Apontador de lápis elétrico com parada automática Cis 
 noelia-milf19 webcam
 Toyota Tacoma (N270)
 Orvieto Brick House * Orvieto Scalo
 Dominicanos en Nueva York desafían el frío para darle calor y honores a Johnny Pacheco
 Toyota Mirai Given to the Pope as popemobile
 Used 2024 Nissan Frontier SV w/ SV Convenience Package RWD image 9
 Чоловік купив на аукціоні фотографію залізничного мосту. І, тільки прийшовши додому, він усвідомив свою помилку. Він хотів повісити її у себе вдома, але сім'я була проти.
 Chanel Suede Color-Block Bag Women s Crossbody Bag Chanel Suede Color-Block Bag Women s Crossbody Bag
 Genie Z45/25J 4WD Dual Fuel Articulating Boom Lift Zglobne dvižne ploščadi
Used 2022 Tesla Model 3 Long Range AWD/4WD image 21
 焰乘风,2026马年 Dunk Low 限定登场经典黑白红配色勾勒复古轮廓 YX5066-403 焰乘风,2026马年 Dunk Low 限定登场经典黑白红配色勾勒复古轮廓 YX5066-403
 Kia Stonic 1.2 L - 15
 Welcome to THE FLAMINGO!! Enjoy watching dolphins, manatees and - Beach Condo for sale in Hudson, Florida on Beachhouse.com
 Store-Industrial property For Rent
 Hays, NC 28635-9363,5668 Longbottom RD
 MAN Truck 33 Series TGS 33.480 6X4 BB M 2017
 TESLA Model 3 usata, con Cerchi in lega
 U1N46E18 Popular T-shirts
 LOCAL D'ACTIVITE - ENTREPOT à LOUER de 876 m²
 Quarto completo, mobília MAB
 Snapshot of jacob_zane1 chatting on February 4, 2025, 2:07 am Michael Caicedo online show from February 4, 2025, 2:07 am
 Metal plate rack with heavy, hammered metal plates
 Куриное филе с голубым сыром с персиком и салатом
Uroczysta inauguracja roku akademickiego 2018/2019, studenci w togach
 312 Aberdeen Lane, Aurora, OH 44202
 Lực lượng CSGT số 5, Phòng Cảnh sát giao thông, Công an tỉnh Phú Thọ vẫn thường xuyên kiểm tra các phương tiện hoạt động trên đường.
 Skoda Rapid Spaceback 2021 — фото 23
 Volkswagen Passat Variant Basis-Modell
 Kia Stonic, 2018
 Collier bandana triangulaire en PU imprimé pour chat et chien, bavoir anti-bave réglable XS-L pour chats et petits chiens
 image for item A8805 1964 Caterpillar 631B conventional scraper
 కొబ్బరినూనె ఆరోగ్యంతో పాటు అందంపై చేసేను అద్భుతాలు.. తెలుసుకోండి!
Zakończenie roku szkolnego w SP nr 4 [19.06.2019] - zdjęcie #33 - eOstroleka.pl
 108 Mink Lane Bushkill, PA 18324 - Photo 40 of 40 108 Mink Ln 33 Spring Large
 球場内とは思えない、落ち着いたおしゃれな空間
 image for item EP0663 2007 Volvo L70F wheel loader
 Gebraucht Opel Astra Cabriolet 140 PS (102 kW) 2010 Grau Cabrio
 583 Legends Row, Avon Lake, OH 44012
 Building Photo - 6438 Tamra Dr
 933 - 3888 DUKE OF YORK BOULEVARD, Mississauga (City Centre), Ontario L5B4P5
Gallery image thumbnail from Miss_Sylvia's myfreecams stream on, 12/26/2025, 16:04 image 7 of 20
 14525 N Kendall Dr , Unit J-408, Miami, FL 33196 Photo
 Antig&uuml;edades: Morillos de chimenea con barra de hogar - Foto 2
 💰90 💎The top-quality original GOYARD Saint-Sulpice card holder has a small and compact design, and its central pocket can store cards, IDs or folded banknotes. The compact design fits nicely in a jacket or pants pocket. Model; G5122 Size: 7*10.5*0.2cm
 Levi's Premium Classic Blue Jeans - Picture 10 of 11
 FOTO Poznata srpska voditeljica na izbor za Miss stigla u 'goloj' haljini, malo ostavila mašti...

+ + + + + + +

# Task to carry out
An exact transcription of the lines from the start of the listing through the line bearing "Welcome to THE" is the whole answer.

# Your response
Apontador de lápis elétrico com parada automática Cis 
 noelia-milf19 webcam
 Toyota Tacoma (N270)
 Orvieto Brick House * Orvieto Scalo
 Dominicanos en Nueva York desafían el frío para darle calor y honores a Johnny Pacheco
 Toyota Mirai Given to the Pope as popemobile
 Used 2024 Nissan Frontier SV w/ SV Convenience Package RWD image 9
 Чоловік купив на аукціоні фотографію залізничного мосту. І, тільки прийшовши додому, він усвідомив свою помилку. Він хотів повісити її у себе вдома, але сім'я була проти.
 Chanel Suede Color-Block Bag Women s Crossbody Bag Chanel Suede Color-Block Bag Women s Crossbody Bag
 Genie Z45/25J 4WD Dual Fuel Articulating Boom Lift Zglobne dvižne ploščadi
Used 2022 Tesla Model 3 Long Range AWD/4WD image 21
 焰乘风,2026马年 Dunk Low 限定登场经典黑白红配色勾勒复古轮廓 YX5066-403 焰乘风,2026马年 Dunk Low 限定登场经典黑白红配色勾勒复古轮廓 YX5066-403
 Kia Stonic 1.2 L - 15
 Welcome to THE FLAMINGO!! Enjoy watching dolphins, manatees and - Beach Condo for sale in Hudson, Florida on Beachhouse.com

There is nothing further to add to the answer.